Дмитрий Пучков ака. Гоблин.
http://oper.ru/news/read.php?t=1051603204
Тупорылым отчего-то кажется, что в СССР никто не знал о том, кто такой был Сталин, что во времена его правления происходило и как жила страна. Ничего не знали: ни как сами жили в колхозах, ни как сами пахали на стройках коммунизма, ни как сами воевали войну, и как сами забили немцев в Берлине. Ничего не знали. Сегодняшним тупорылым невдомёк, как функционирует общество, в котором они живут. Тупорылые твёрдо уверены в том, что знаниями обладают только они, потому что им вчера по телевизору рассказали. Но, как это ни странно, о прелестях сталинизма в СССР знали все.
Но была одна интересная особенность. В кабинах практически всех грузовиков висел портрет Сталина. Причём висел портрет всегда лицом наружу. То есть висел не для водителя, а для окружающих. Повторяю: все знали, кто такой был Сталин и как при нём было тяжко. Все знали, как Никита Сергеевич Хрущёв "разоблачил" Сталина. Все знали, что КПСС не одобряет массу всякого, Сталиным содеянного, и решительно от него отмежевалась. И при этом портреты Сталина были повсюду.
Зачем пролетарий подвешивал в своей машине портрет Сталина — лицом наружу? Был ли пролетарий ярым сталинистом? Хотел ли пролетарий вернуться в тридцатые годы? Хотел ли он засадить "полстраны" в лагеря? Ничего этого пролетарий не хотел. Пролетарий хотел высказаться. Пролетарий был твёрдо уверен, что при Сталине был — порядок. Что воров — сажали, что предателей — стреляли, что изменников — вешали. Что когда "сажали за опоздание на работу", о прогулах речи не шло. Что когда было надо, вся страна поднималась как один.
Понятно, что на самом деле всё было несколько не так, как это казалось и кажется пролетарию. Но чего он хотел сказать-то, показав общественности суровый лик Вождя Народов? Пролетарий всего лишь хотел сказать обществу: наведите порядок! Остановите ворьё, мошенников и подонков! Ведь он же — мог! И в знак протеста против бардака подвешивал портрет Сталина — лицом к народу. Прав был пролетарий? В главном, безусловно, прав: ворьё, предателей и мошенников надо ловить и наказывать. Что помнит пролетарий про то время? Точнее, что хочет помнить пролетарий про то время? Только самое главное: был порядок, была справедливость. Примерно как у Высоцкого в песне:
Было время — и были подвалы,
Было дело — и цены снижали,
И текли куда надо каналы,
И в конце куда надо впадали.
Чего хочет пролетарий сегодня, когда говорит про Сталина? Ровно того же самого: порядка и справедливости.

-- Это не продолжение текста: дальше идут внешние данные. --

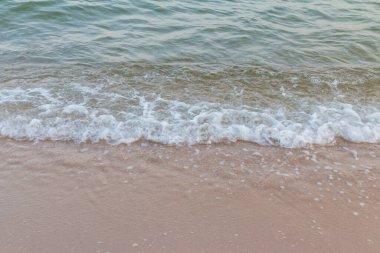 Okyanusta dalgalar ve kumsalda kumlar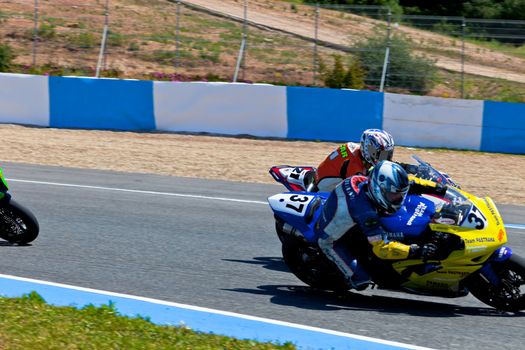 JEREZ DE LA FRONTERA, SPAIN - APR 17: Stock Extreme motorcyclist Jorge Arroyo takes a curve in the CEV Championship race on April 17, 2011 in Jerez de la Frontera, Spain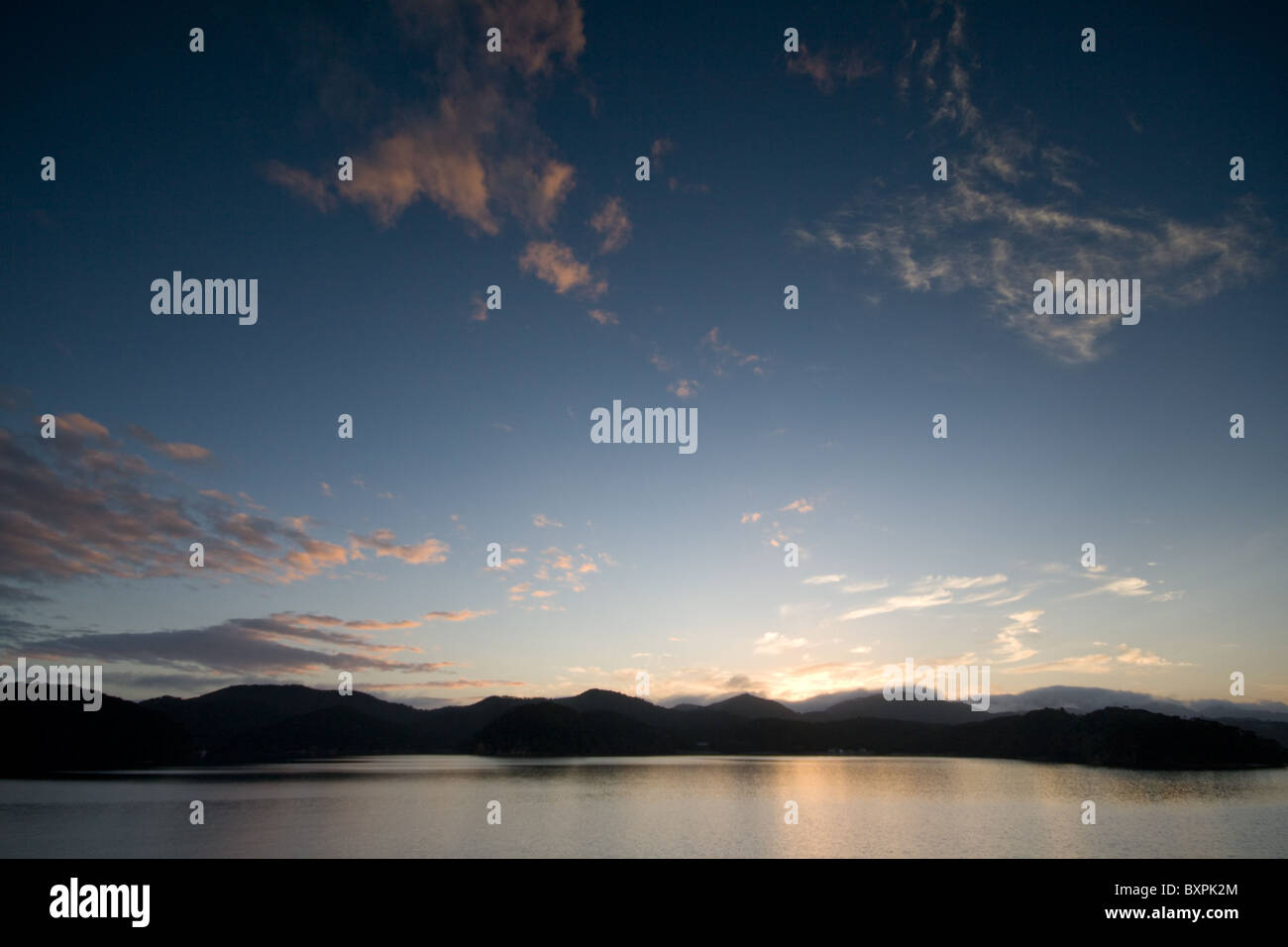 Dawn light illuminates the hills around Orokawa Bay in New Zealand's ...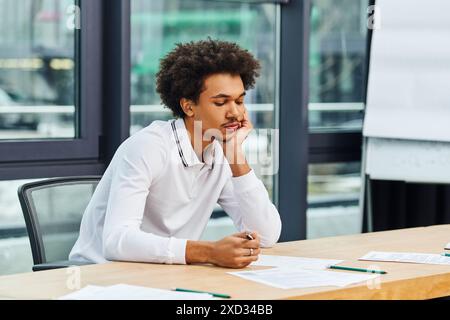 A man attentively sitting at desk in office. Stock Photo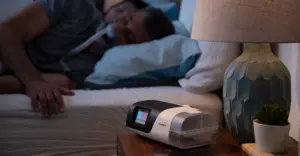 Ein Mann schläft im Bett und trägt eine CPAP-Maske zur Behandlung von Schlafapnoe im Rahmen der Schlafmedizin
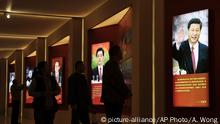 Visitors walk past images of China's past and present leaders, from left, Mao Zedong, Deng Xiaoping, Jiang Zemin, Hu Jintao and Xi Jinping on display at an exhibition on the Long March at the military museum in Beijing, Monday, Oct. 24, 2016. Having punished more than a million Communist Party members for corruption, current President Xi will use a key meeting that started Monday to drive home the message that his signature anti-graft campaign is far from over and that his authority remains undiminished. (AP Photo/Andy Wong) |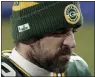  ?? MORRY GASH — THE ASSOCIATED PRESS ?? Packers quarterbac­k Aaron Rodgers walks off the field after the NFC championsh­ip game against the Tampa Bay Buccaneers in Green Bay, Wis., on Sunday.
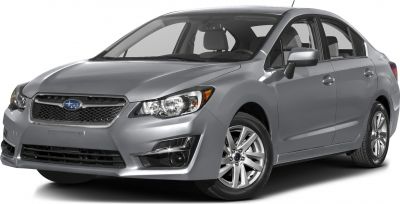 Compact sedan front angled view with headlights and alloy wheels.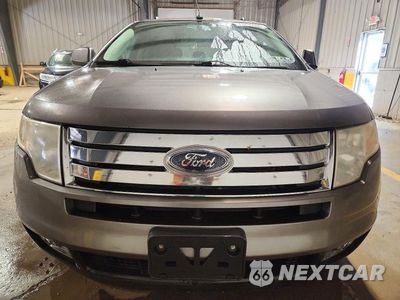 Piąte zdjęcie samochodu w środku: 2010 FORD EDGE SEL VIN:2FMDK4JC7ABA72708 - miniatura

Малолетний д*бил, конечно, завизжит: так это что получается, в СССР не воровали, что ли?! Малолетнему д*билу сложно понять, что речь идёт как раз про СССР, и про то, что пролетарию не нравилось именно в нём, в СССР. То, что пролетарию может что-то не нравится в демократической России — за гранью понимания малолетнего д*била, ибо он живёт в земном раю и счастлив тем, что его страну разворовали до тла. При этом, что характерно, малолетнему д*билу с разворованного ничего не перепало. Д*билу объяснили, что надо быть счастливым просто потому, что СССР больше нет — и д*бил счастлив. Что неудивительно для д*била.